The Stanford Clean Slate project won’t by itself solve all the main security issues of the Internet, but it will equip software and hardware designers with a toolkit to make security features a more integral part of the network and ultimately give law enforcement officials more effective ways of tracking criminals through cyberspace.

Ed Felten of Princeton University responds with an orthodox hacker-purist line:

[The first misconception] is the notion that today's security problems are caused by weaknesses in the network itself. In fact, the vast majority of our problems occur on, and are caused by weaknesses in, the endpoint devices: computers, mobile phones, and other widgets that connect to the Net.
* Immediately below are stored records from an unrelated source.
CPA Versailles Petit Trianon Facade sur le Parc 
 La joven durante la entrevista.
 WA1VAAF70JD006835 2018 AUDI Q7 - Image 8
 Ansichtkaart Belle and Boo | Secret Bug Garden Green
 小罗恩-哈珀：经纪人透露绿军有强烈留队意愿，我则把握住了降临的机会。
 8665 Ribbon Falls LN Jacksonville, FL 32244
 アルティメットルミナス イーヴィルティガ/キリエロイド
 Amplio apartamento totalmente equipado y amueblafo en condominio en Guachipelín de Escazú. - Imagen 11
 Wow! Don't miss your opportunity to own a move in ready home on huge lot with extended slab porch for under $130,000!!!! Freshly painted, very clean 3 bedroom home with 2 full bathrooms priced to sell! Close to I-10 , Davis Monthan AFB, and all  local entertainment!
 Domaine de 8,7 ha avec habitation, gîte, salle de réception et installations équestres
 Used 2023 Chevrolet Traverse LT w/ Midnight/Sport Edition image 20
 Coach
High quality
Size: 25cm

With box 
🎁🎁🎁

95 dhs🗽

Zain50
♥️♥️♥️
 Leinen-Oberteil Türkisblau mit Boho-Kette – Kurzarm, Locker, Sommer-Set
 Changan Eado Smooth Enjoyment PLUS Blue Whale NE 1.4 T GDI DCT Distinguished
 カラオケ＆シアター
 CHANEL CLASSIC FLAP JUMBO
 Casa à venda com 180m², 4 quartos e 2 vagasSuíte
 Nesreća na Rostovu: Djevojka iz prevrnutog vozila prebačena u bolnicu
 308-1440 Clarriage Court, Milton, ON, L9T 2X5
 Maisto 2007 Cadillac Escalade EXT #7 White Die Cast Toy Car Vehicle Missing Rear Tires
The problem is not that the Net is broken or malfunctioning, it's that the endpoint devices are misbehaving — so the best solution is to secure the endpoint devices…
It's an appeal to ye-olde Internet mythologie, complete with deferential references to "the founders" and their foresight, as if the Internet were some real-world Seldonian Foundation.

Neither position is good enough, and Jonathan Zittrain's wise book The Future of the Internet And How to Stop It [home page, Open Library entry] does a great job of explaining why and of providing some better ways of thinking about the problem. Yes, designing security into the Internet will inevitably cripple the very flexibility and permissiveness that has made the Internet a continuing source of unpredictable and surprising innovations. But sentimental idealization of the Original Internet and its "end-to-end" design won't do either [p165].

[U]sers are not well-positioned to painstakingly maintain their machines against attack, leading them to prefer locked down PCs [as Felten appears to advocate, ed], which carry far worse, if different, problems. Those who favor end-to-end principles … should realize that intentional inaction at the network level may be self-defeating, because consumers may demand locked-down endpoint environments that promise security and stability with minimum user upkeep. This is a problem for the power user and consumer alike.

…When endpoints are locked down, and producers are unable to deliver innovative products directly to users, openness in the middle of the network becomes meaningless. Open highways do not mean freedom when they are so dangerous that one never ventures from the house.

The passage shows the strengths and weaknesses of the book. Zittrain takes an unusually and refreshingly pragmatic, realistic view of the Internet, rejecting old approaches as and when needed. On the other hand, you can see from the first two sentences that his prose can be repetitious and dry. You have to work your way through some dense thickets to get to through this forest – but if you are ready to make the effort, it's a worthwhile journey: one of the best Internet books I've read.

Zittrain's central concern is a dialectical contradiction at the heart the Internet:

  1. The Internet's success comes from its remarkable ability to repeatedly generate new and unexpected uses.
  2. This "generativity" (yuck, what a clumsy word), comes in turn from the deliberate dumbness of the Internet protocols themselves; they were deliberately designed to permit any kind of traffic, for any purpose, to pass between end points of the network.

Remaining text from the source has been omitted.